Counsel representing two Robinson Huron First Nations told a Toronto court July 30 that the legal fees charged by the lawyers who handled the treaty annuities case, for which a $10 billion settlement has now been negotiated, are charging too much for the work they did on the case.
They said it’s $466 million too much, and would like the courts to reassess the amount.
The legal fees are to be paid to Nahwegahbow Corbiere, the team that has provided legal counsel to the Robinson Huron Treaty Litigation Fund (RHTLF) through the annuities court process that began in 2014.
The fees are currently $510 million, though the legal team states they will contribute half, $255 million, back to causes that advance the Anishinaabe nations, including language and land rights.
H. Michael Rosenberg, the lawyer for the two applicant First Nations, Atikameksheng Anishnawbek and Garden River First Nation, argued that not only were the nations deprived of independent legal counsel when deciding if the legal fees were fair, but he said the $10 billion annuities settlement is considered as a “mega fund class action,” which has clear rules under the law.
In his submissions, Rosenberg said that there is a formula for determining a fair and reasonable fee for a settlement “so large that it dwarfs the value of the lawyer's fees on an hourly rate basis,” he said.
Rosenberg told the court that fees on these mega fund settlements should be evaluated by the court according to established law.
“You don’t get more than four times the value of the lawyer’s time at risk,” he said. “it's a body of jurisprudence. It's intended to prevent lawyers from turning lawsuits into lottery tickets.”
Though the listing of the fees charged by Nahwegahbow Corbiere is sealed, by Rosenberg’s calculations, “the most that the court could have approved on an assessment of fees was $44 million.”
He added that counsel for the respondents did not take issue with his calculations.
“Your Honor, it's not as though they take issue with the body of jurisprudence that I've referenced or the calculation that I performed,” he said. “They have technical arguments on standing as to why the court cannot allow the applicants to compel an assessment.”
Those technical arguments were made by respondent counsel for the RHTLF, Peter Wardle and Evan Rankin, as well as counsel for the lawyers of Nahwegahbow Corbiere, Brian Gover and Dan Goudge.
They all say that not only is the price fair, but agreed to freely by the majority of the First Nations under the treaty: 19 of the 21 signatories.
The technical arguments centre on the fact that First Nations are still governed under the Indian Act in some court processes.

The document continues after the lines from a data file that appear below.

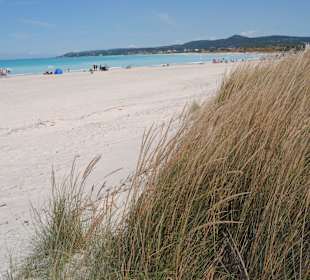 Spiagge bianche Vada, 5 km dall'Hotel Leopoldo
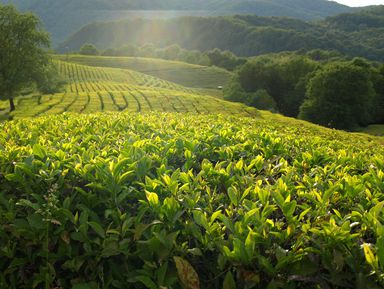 Курортный Сочи: Мацеста, чайная плантация и экоферма - экскурсия в Сочи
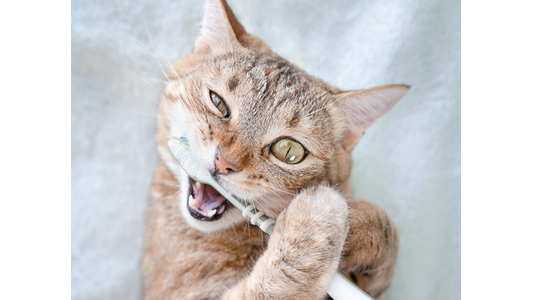 Tabby cat chewing on toothbrush.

Rosenberg explained that individuals have court seals, “or they did back in the days when you carried around your wax in your signature thing,” and common law and corporations have seals because they're given them by statute. “But First Nations, when they bring litigation in their own right, when they form contracts in their own right, they take decisions under section two, subsection three, of the Indian Act,” said Rosenberg. “There's no seal that's authorized by the Indian Act.”
That lack of seal is central to the respondents' arguments.
As respondent lawyer Rankin told Superior Court Justice Jana Steele, “the Supreme Court has said that some indication of a seal is required. There isn't any. That's the end of the story.”
Wardle also submitted that the individual annuitants are not required to pay the legal fees, the RHTLF is, and therefore the individuals have no ability to apply for the assessment of the legal fees. He said it was the RHTLF that retained Nahwegahbow Corbiere and the lawyers acted for the trust, not individual First Nations.
As to Rosenberg and the applicants claim that the RHTLF, specifically the Litigation Management Committee (LMC) “breached their fiduciary duty to Robinson Huron treaty First Nations by failing to provide independent legal advice,” the respondents quote RHTLF trustee, former Wiikwemkoong Unceded Territory Gimaa Duke Peltier, during his pre-trial deposition.
“The trustees decision to approve the lawyer's fee proposal was a reasonable and appropriate exercise of their collective discretion,” he said. “Particularly given the extraordinary results achieved by the lawyers.”
Peltier said in his deposition there was an “extensive discussion at the meeting” about whether the trustees, the signatory nations, should obtain independent legal advice before determining whether to accept the lawyer's proposal. He said the trustees were repeatedly advised that any trustee who required independent legal advice could abstain from voting and provide their vote following the meeting, “as has been the trust's practice since its inception.”
Essentially, the respondents argument on this front was that it was offensive to assume that the other trustees were not fully aware of the costs to which they were agreeing.
He referred to the sealed contingency fees, and two reports, which he said totalled more than 100 pages, that were given to the trustees when they made their decision.
“What you have in front of you is you have the lawyers' two reports, totaling over 100 pages. And that material was in front of the trustees when they made their decision,” said Wardle. “They exercised their discretion, that they were satisfied with it (the reports) and they exercised their discretion and they approved it.”
Steele told the court that she needed time to deliberate before she could issue a decision, but while she did not give a timeline, she said she hoped reserving her decision would not hold up the distribution of the settlement outside of the $510 million.